I’m in the middle of week two of this two-month work sabbatical. I’d hoped that by now, I’d have had many moments of solitude and calm, as I caught up on reading and posted deep thoughts to this site.

There haven’t been a lot of deep thoughts posted here, and I haven’t been having many to begin with.

I recall that this happened the last time I had a sabbatical: I spent the first part catching up overdue projects that my regular schedule hadn’t allowed me to work on. It’s happening again.

This time, the main project is a long-suffering report. Back in October and November, I spent two weeks in Colombia (I posted many photos here at the time). I came back, got all my notes together, and then started writing about it. I worked bit by bit, section by section, whenever I had the chance to move the project forward.

As winter and spring passed, there were entire weeks—even some two-week periods—when I did not have that chance at all. It turns out that running a communications-heavy advocacy program about the U.S.-Mexico border and migration, during the highly charged 2024 election year, doesn’t lend itself to also writing an in-depth field research report about migration in Colombia.

Now that I’m on sabbatical, it’s finally happening. I’ve put in about 24 of the past 96 hours working on it, and today I handed off a polished draft to WOLA’s program and communications teams. It’s really nice to no longer say “the report is coming.”

It hasn’t been painless.
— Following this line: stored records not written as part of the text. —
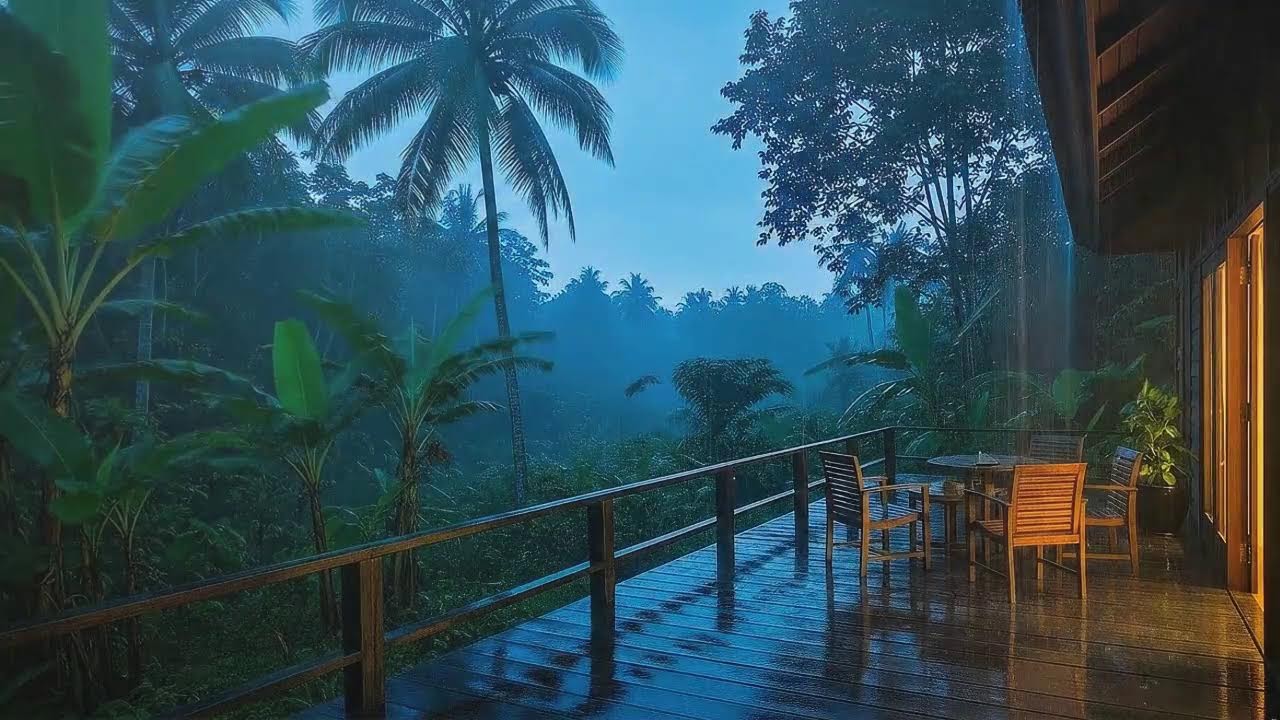 Warm Forest Rain + Low Thunder Hush for Ultra Fast Sleep 🌧️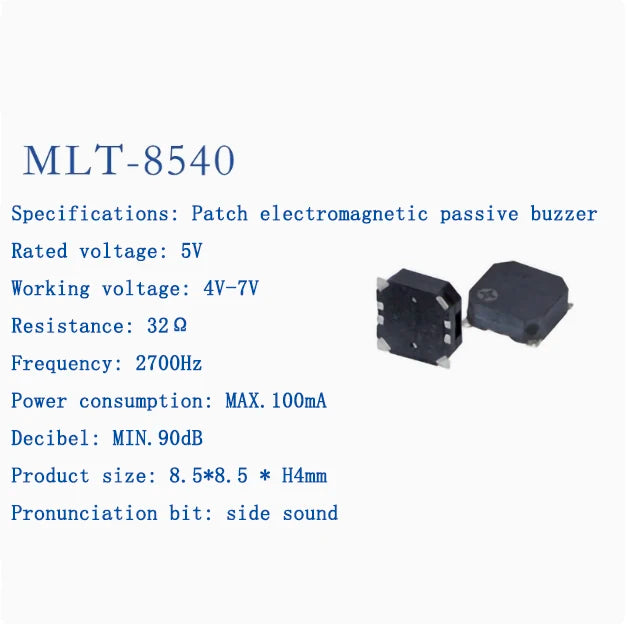 Active and Passive Electromagnetic Patch Buzzers MLT-4020 MLT-5018 MLT-5020 MLT-5030 5525 7525 8530 8540 9025 9032 9045 MLT9650
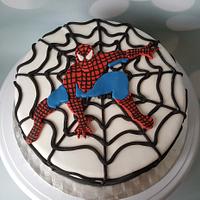 Spiderman cake. Spiderman cake.
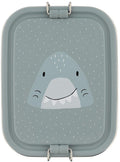 Trixie brooddoos klein - mr. shark- rsv lunchbox voor kinderen - makkelijk te openen broodtrommel – grijs – haai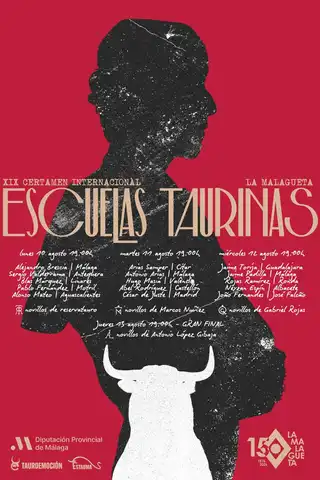 El XIX Certamen Internacional de Escuelas Taurinas 'La Malagueta' se Celebrará del 10 al 13 de Agosto 1 CARTEL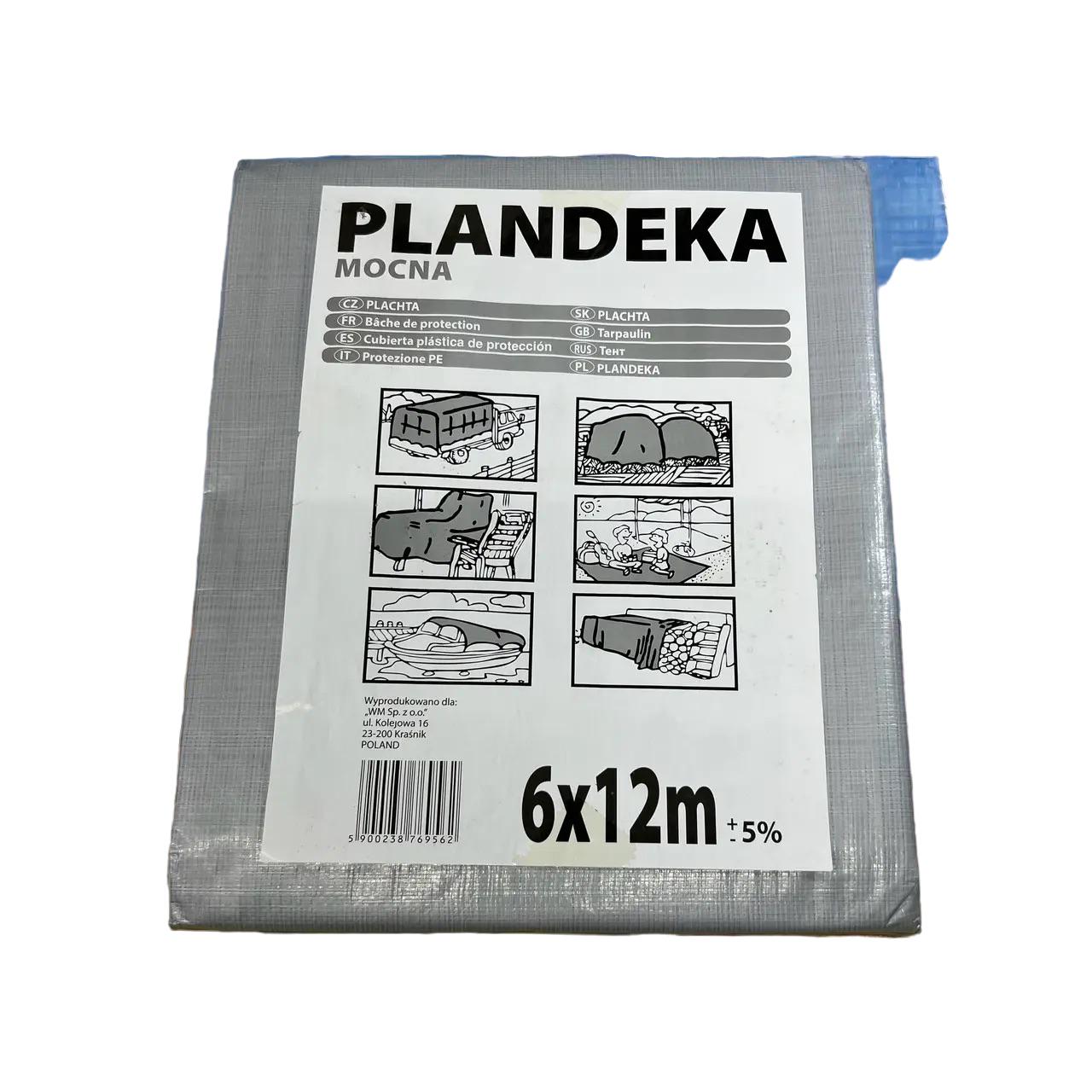 Тент PLANDEKA Wimar тарпаулін захисний 110 г/м² 6x12 м - фото 9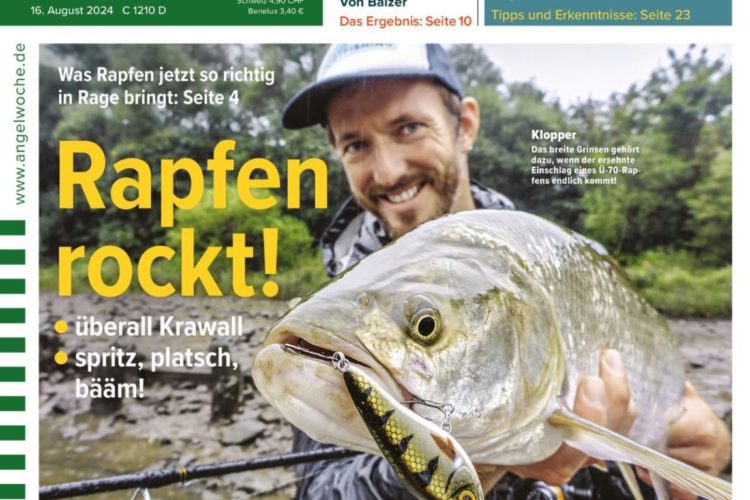 Cover der Angelwoche 18/2024: Rapfen rockt!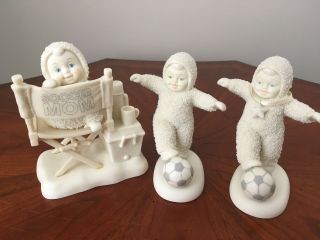 Soccer Snowbabies (1) " Sitting In Mom 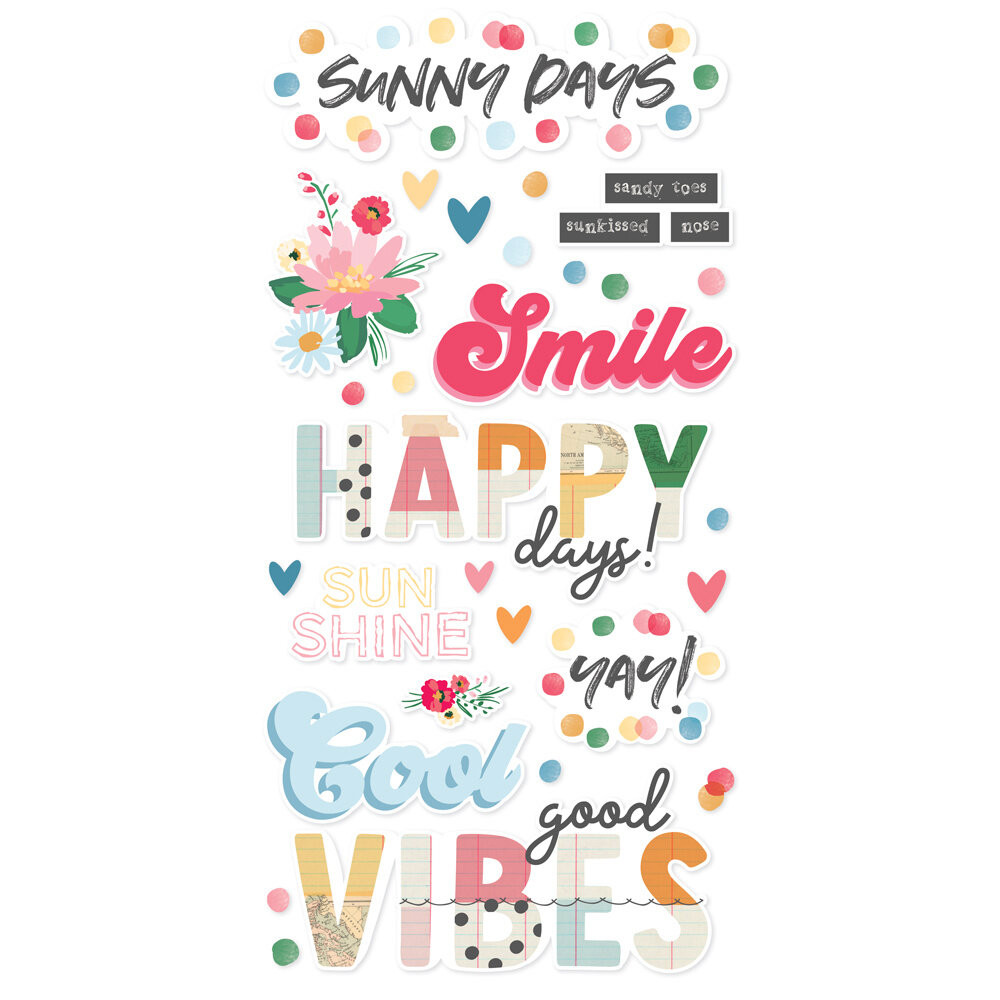 Simple Stories Sunny Days Foam Stickers (24523)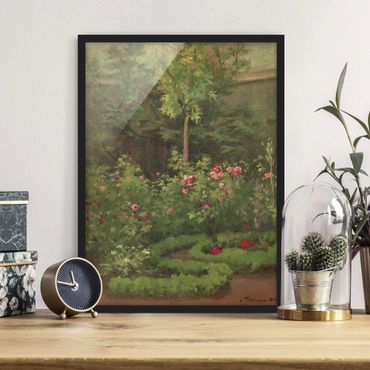 Plakat w ramie - Camille Pissarro - Ogród różany
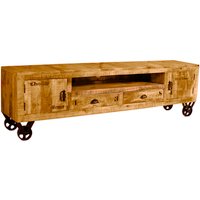 SIT Lowboard »RUSTIC«, Mangoholz/Metall, 2-türig - braun SIT Lowboard »RUSTIC«, Mangoholz/Metall, 2-türig - braun von SIT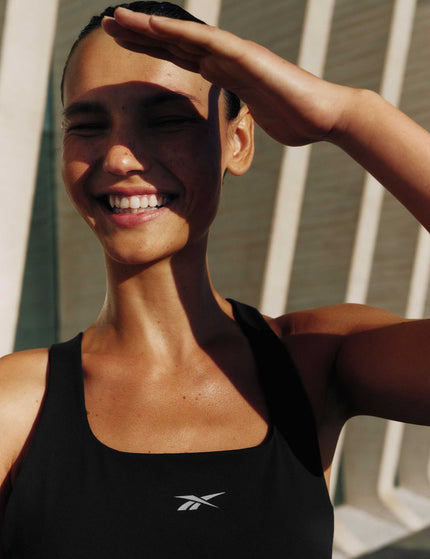 Reebok Lux Tank Top - Blackimage2- The Sports Edit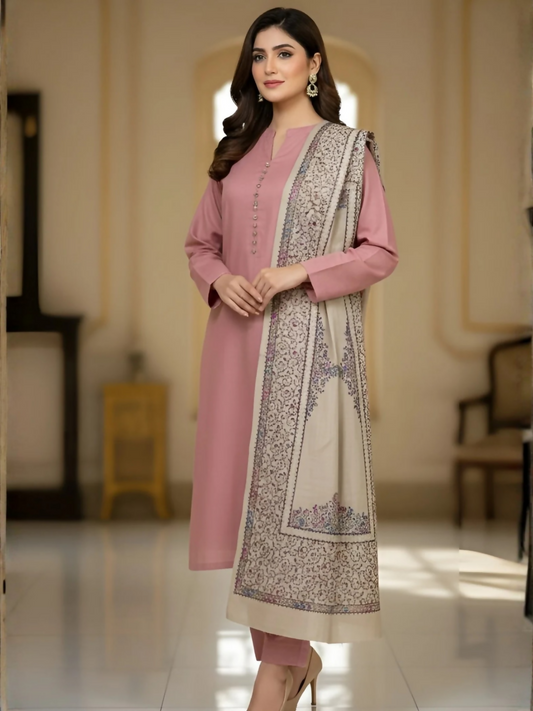 Duas Boutique Pashmina Needlework Mini Shawl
What was a 16,000-word draft at the beginning of the weekend, with 170 footnotes, by Monday night was a 20,000-word draft with 242 footnotes. By today, I’d managed to whack it back to 14,500 words and 169 footnotes.

If you’ve never had to cut 5,000 words from a 20,000-word report, eliminating entire lines of research that you’d gathered from your fieldwork… well, I don’t recommend it. It’s brutal.

Between that and posting “daily border links,” I never made it outdoors at all today. (It was raining, anyway.)

But it’s great to have it behind me (except for suggestions and revisions). Being able to shut down much of the work over the past 10 days is what made it possible.

It still doesn’t really feel like a sabbatical, though.